The student copied this sentence from a website without quotes or a citation: “Owls can rotate their heads up to 270 degrees.” Which statement best describes the problem?

It is only wrong if the website has a .edu domain.

It is plagiarism because the student used exact words without quotation marks or a citation.

It is not plagiarism because the sentence is short and easy to understand.

It is acceptable if the student read it out loud before writing it.

Explanation

This question tests CCSS.W.6.8 (gathering relevant information from multiple print and digital sources, assessing source credibility, quoting or paraphrasing properly while avoiding plagiarism, and providing basic bibliographic information). PLAGIARISM = copying without quotes/citation, and students must recognize when exact words are used without proper attribution. The student copied "Owls can rotate their heads up to 270 degrees" word-for-word from a website without quotation marks or citation - this is plagiarism. The correct answer identifies the problem: using exact words requires BOTH quotation marks (to show they're not your words) AND citation (to credit the source). Option A incorrectly thinks short sentences don't need citation; Option C wrongly believes reading aloud changes ownership; Option D confuses domain type with plagiarism rules (all sources need credit regardless of domain). Teaching strategy: Teach the rule: Exact words = quotation marks + citation, ALWAYS. Create visual: "Someone else's words" → "Put in quotes" + (Source). Practice with highlighting: give students passages, have them highlight any sentence they want to use, then add quotation marks and source. Address misconceptions: length doesn't matter (even three words need quotes if exact), reading aloud doesn't make it yours, domain type doesn't change citation rules. Show correction: "Owls can rotate their heads up to 270 degrees" (Website name, Year). Use examples of very short phrases that still need quotes: "I have a dream," "Just do it," "May the force be with you" - all need citation even though short. Make it clear: if you can find those exact words in that exact order in a source, use quotes and cite it.

2

When evaluating sources about the American Revolution, which source has the strongest credibility indicators?

“My Favorite Revolution Facts,” personal blog by “LibertyLover,” 2015; no sources cited and uses emotional language.

“Top 10 Shocking Patriot Secrets,” entertainment site (historybuzznow.com), 2022; many pop-up ads and no author credentials.

“Why the Colonists Fought,” by Dr. Harold Green (history professor), Smithsonian Magazine (print), May 2021; edited and includes a bibliography.
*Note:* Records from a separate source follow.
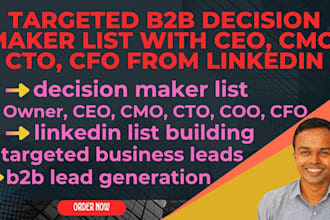 build targeted b2b decision maker list with CEO, cmo, cto, cfo from linkedin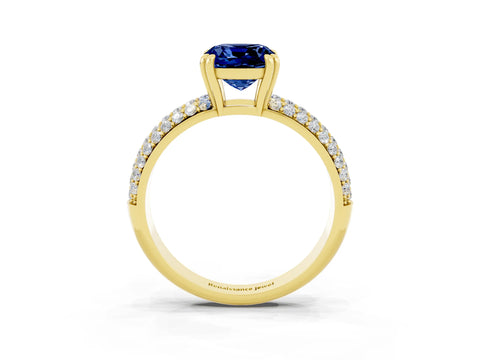 Yellow gold Cushion Cut Cut Pave Diamond Engagement Ring with Channel Set Band and Four-Prong Setting_3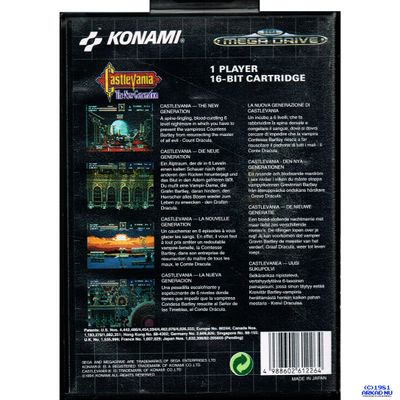 CASTLEVANIA THE NEW GENERATION MEGADRIVE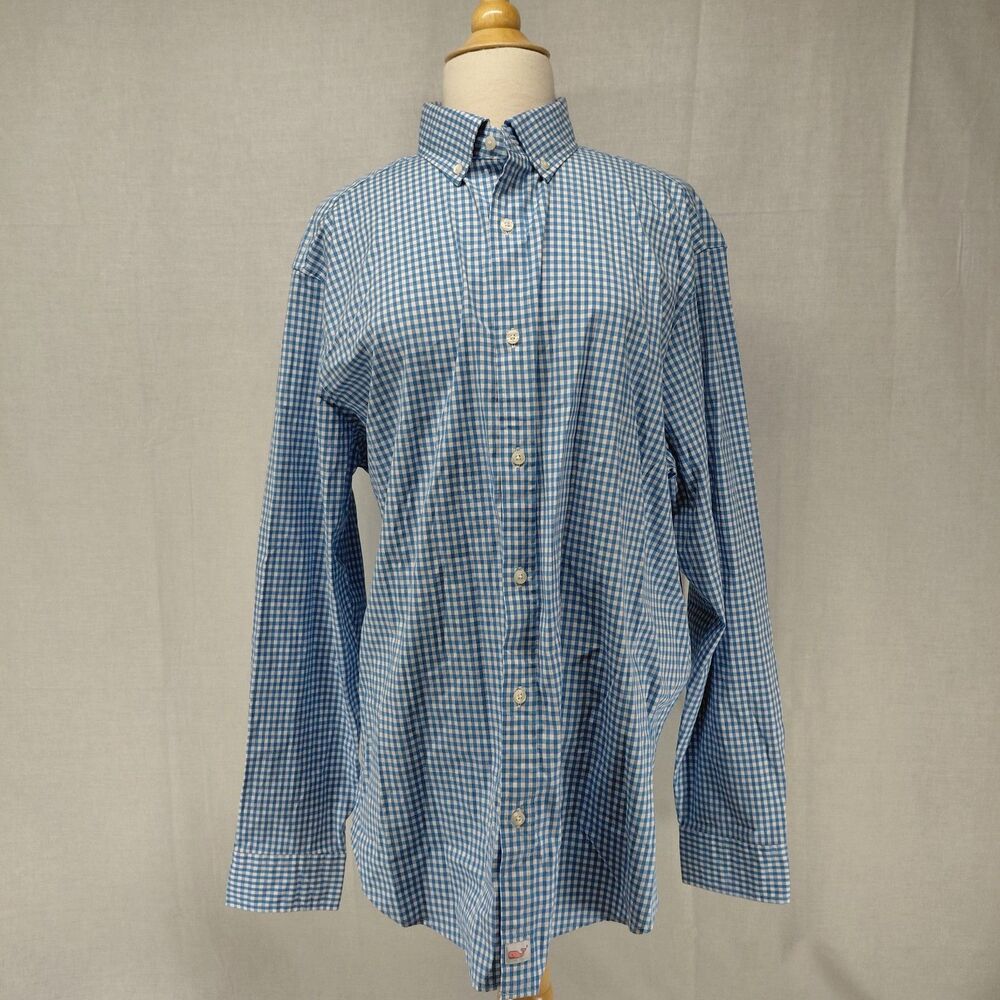 NWT Men's Vineyard Vines LS Button down Shirt Plaid Blue/ White Sz XL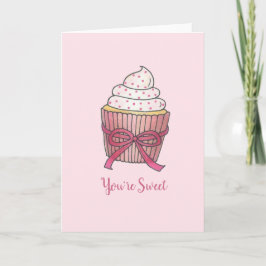 Tarjeta De Agradecimiento Gracias, eres un dulce pastel rosa Valentine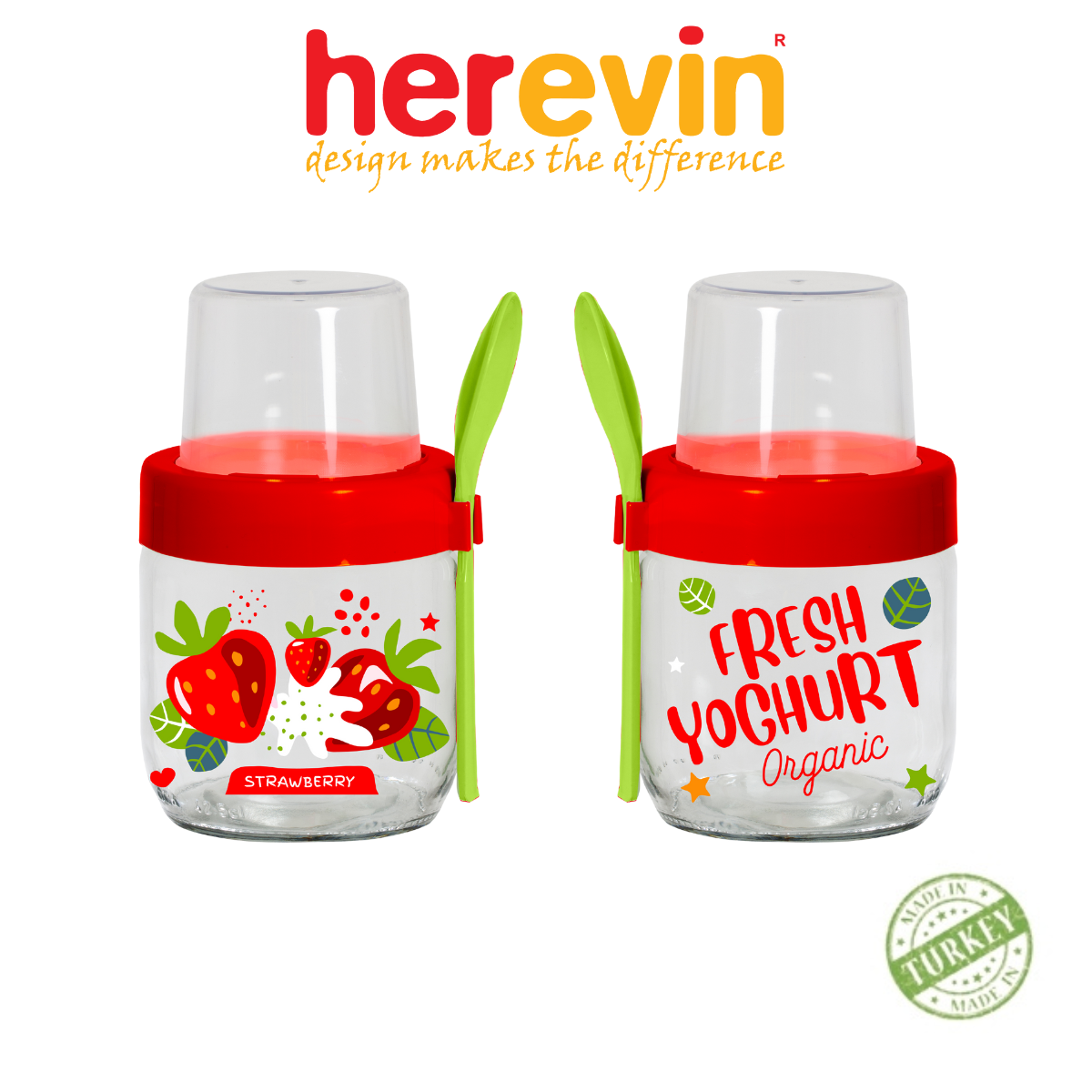 Bộ 3 Hũ Yogurt Thuỷ Tinh Herevin 425ml - HEHU131615-802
“Revolution Rumors,” anonymous post on a discussion forum, 2020; lots of opinions and no evidence links.

Explanation

This question tests CCSS.W.6.8 (gathering relevant information from multiple print and digital sources, assessing source credibility, quoting or paraphrasing properly while avoiding plagiarism, and providing basic bibliographic information). When researching, students must ASSESS CREDIBILITY by evaluating author credentials (education, position, expertise), publication date (recent for current topics), publisher/website reputation (.edu/.gov more credible than random .com, established publishers/organizations), editorial oversight (peer-reviewed, fact-checked), sources cited by author, and objective vs biased tone. Option B has strongest credibility indicators: Dr. Harold Green (history professor - relevant expertise), Smithsonian Magazine (respected institution), May 2021 (recent), edited (editorial oversight), includes bibliography (sources cited). Option A is anonymous forum post with opinions not evidence; Option C is entertainment site with no author credentials and pop-up ads (commercial intent); Option D is personal blog with emotional language and no sources. The correct answer recognizes multiple strong credibility indicators: expert author in relevant field, reputable publisher, editorial process, and citations. Teaching strategy: Use credibility checklist for each source - Author (Dr. + professor = expert), Publisher (Smithsonian = established institution), Date (2021 = recent), Editorial process (edited = fact-checked), Sources (bibliography = research-based), Tone (professional vs emotional). Compare sources side-by-side using chart with checkmarks for each indicator. Discuss why multiple indicators matter - one alone isn't enough. Show how Option B checks ALL boxes while others fail multiple criteria. Practice with historical sources, identifying red flags: anonymous, entertainment sites, emotional language, no sources versus green flags: credentialed authors, academic publishers, citations.

3

To avoid plagiarism, what basic bibliographic information is required for this book in a 6th grade bibliography? Book: Maria Lopez, Space Weather, Starview Press, 2020.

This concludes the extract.